Ecosystem Track  

Deploying ONNX models on Flink

The Open Neural Network exchange format (ONNX) is a popular format to export models to from a variety of frameworks. It can handle the more popular frameworks like PyTorch and MXNet but also lesser known frameworks like Chainer and PaddlePaddle. To this point there have been few attempts to integrate deep learning models into the Flink ecosystem and those that have focused entirely on Tensorflow models. However, the amount of deep learning models written in PyTorch continues to grow and many companies prefer to use the other frameworks. This talk will focus on different strategies to use ONNX models in Flink applications for realtime inference. Specifically, it will compare using an external microservice with AsyncIO, Java Embedded Python, and Lantern (a new backend for deep learning in Scala). The talk will weigh these different approaches and which setups works faster in practice and which are easier to setup.

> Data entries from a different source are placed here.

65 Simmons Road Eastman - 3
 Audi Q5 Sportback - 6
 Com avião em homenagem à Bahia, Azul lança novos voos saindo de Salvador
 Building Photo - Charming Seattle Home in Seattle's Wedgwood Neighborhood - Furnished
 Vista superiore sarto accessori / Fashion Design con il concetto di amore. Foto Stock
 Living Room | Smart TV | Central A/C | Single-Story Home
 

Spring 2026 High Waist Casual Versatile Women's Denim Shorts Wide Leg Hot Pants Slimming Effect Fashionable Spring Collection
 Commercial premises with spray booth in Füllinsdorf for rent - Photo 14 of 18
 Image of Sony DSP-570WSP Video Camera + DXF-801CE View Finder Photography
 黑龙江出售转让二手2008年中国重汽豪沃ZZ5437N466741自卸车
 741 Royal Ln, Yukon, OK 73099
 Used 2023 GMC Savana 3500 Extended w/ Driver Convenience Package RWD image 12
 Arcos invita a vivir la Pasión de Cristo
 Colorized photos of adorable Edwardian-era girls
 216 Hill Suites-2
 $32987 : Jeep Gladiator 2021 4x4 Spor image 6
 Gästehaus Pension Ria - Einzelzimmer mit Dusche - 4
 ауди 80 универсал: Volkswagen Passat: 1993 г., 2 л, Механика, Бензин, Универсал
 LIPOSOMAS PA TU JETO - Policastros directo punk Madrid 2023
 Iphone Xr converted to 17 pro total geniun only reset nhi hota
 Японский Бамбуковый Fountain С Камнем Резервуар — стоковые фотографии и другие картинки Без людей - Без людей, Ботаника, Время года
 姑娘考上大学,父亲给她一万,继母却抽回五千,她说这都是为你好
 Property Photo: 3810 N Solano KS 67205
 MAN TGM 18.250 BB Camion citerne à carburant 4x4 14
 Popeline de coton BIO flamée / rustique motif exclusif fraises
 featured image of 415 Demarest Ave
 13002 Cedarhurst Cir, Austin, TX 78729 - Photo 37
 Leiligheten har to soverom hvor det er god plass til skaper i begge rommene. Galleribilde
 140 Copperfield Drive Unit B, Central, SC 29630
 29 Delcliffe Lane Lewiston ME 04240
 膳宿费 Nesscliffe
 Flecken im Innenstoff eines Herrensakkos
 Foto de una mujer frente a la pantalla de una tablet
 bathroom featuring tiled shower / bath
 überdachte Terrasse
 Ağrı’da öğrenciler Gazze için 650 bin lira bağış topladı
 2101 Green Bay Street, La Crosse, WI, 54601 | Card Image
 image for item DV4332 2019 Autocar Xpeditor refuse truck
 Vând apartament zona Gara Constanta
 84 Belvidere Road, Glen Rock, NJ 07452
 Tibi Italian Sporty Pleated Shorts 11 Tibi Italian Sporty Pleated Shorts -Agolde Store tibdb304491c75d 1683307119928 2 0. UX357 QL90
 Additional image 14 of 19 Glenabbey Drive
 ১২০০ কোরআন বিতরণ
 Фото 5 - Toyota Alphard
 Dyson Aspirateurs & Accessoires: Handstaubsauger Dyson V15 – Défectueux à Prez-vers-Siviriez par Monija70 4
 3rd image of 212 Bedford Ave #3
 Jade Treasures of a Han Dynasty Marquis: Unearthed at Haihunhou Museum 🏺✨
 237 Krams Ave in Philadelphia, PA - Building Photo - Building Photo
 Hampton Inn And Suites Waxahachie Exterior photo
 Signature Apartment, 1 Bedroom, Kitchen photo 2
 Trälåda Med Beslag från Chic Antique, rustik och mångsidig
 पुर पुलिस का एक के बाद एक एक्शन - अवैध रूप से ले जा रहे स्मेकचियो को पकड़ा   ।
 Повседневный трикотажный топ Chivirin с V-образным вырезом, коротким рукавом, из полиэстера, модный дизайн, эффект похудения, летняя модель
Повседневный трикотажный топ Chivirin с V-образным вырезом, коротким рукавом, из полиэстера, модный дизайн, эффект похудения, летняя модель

It will also feature a demonstration where we will take a recent PyTorch natural language processing model, convert it to ONNX and integrate it into a Flink application. Finally, it will also look at a set of open-source tools aimed at making it easy to take models to production and monitor performance.

Authors

Isaac Mckillen-Godfried
Isaac Mckillen-Godfried
AI Stream

Isaac Mckillen-Godfried

I'm a data scientist at AIStream and frequently work with a variety of big data technologies including Flink. My primary area of focus broadly speaking is making it easier to use deep learning models in real world applications. Part of this includes integrating current deep learning frameworks (in Python) with big data frameworks (in Java) to make it easier to serve models at scale with low-latency.